We are not persuaded. The concurring opinion can also be read as relaying the
decision path of the court, so as to preserve for another day the question whether
the obvious deficiencies in the performance of state habeas counsel excused a
failure to present the claims of ineffective trial counsel in a first state petition.
Preserving this issue makes sense only if the CCA had rejected the claim of
ineffective trial counsel on its merits rather than because it was not presented in
Ruiz’s first state habeas petition. In sum, the three opinions from the seven
judges together do not clearly rest on an independent and adequate state ground.

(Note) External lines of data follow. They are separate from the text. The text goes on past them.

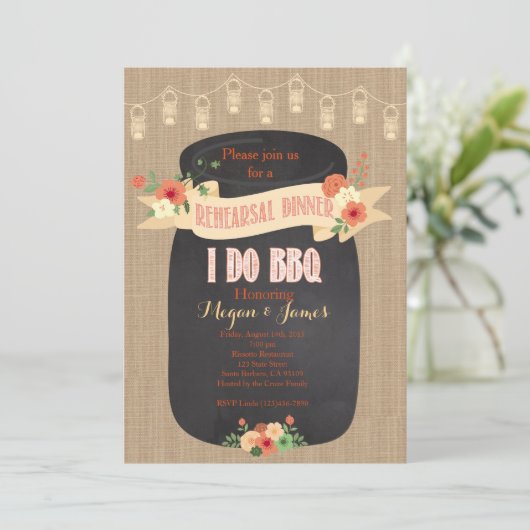 リハーサルディナー招待状。僕はバーベキューをする、メイスン・ジャー 招待状 (スタンド正面)
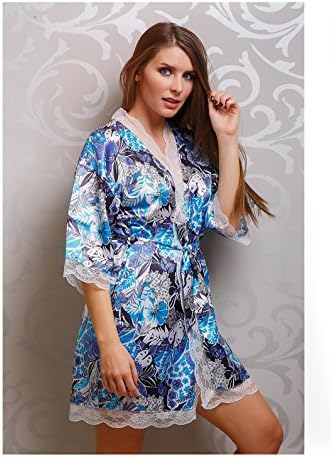Womens Kimono Floral Print Robe with Lace trimming with right pocket (Large)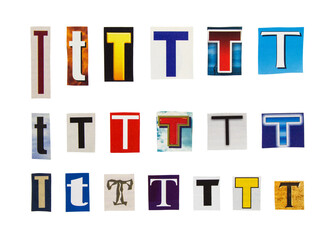 Alphabet letter T cutting from magazine paper. Newspaper clippings with letter T isolated on white background. Anonymous text concept.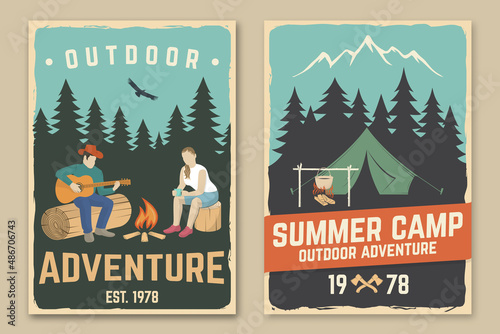 Set of camping retro posters. Vector. Concept for shirt or print, stamp, travel badge. Vintage typography design with camper tent, pot on the fire, axe, mountain, man with guitar silhouette.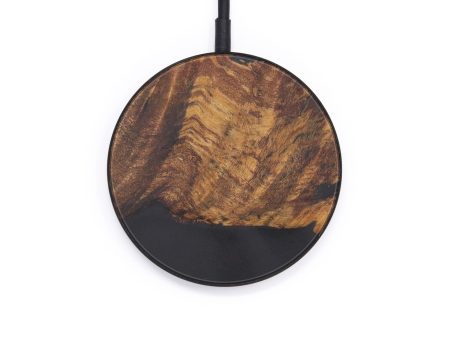 Circle Wood+Resin Wireless Charger - Meena (Pure Black, 599823) on Sale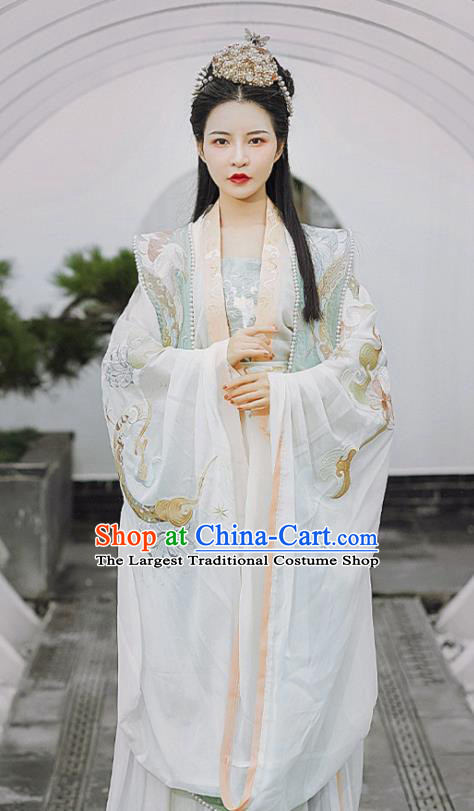 Chinese Ancient Royal Queen Hanfu Apparels Traditional Song Dynasty Empress Historical Costumes Embroidered BeiZi Blouse and Skirt Complete Set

Even if the order of the four-Judge plurality alone left the decisional footing
certain, and it did not, Judge Womack’s opinion, necessary to the court’s
judgment, pushes the court toward a clear merit ruling, and in any event
deprives the plurality of a fifth vote on an independent and adequate state
ground. This leaves the decisional path far short of the clarity insisted upon by
Michigan v. Long, to which the district court paid no mind and of which the CCA
is acutely aware. Ruiz’s Wiggins claim was properly before the federal district
court.
                                               IV
         The district court also concluded, in a final paragraph, that the balance of
equities tips away from the defendant. We do not agree.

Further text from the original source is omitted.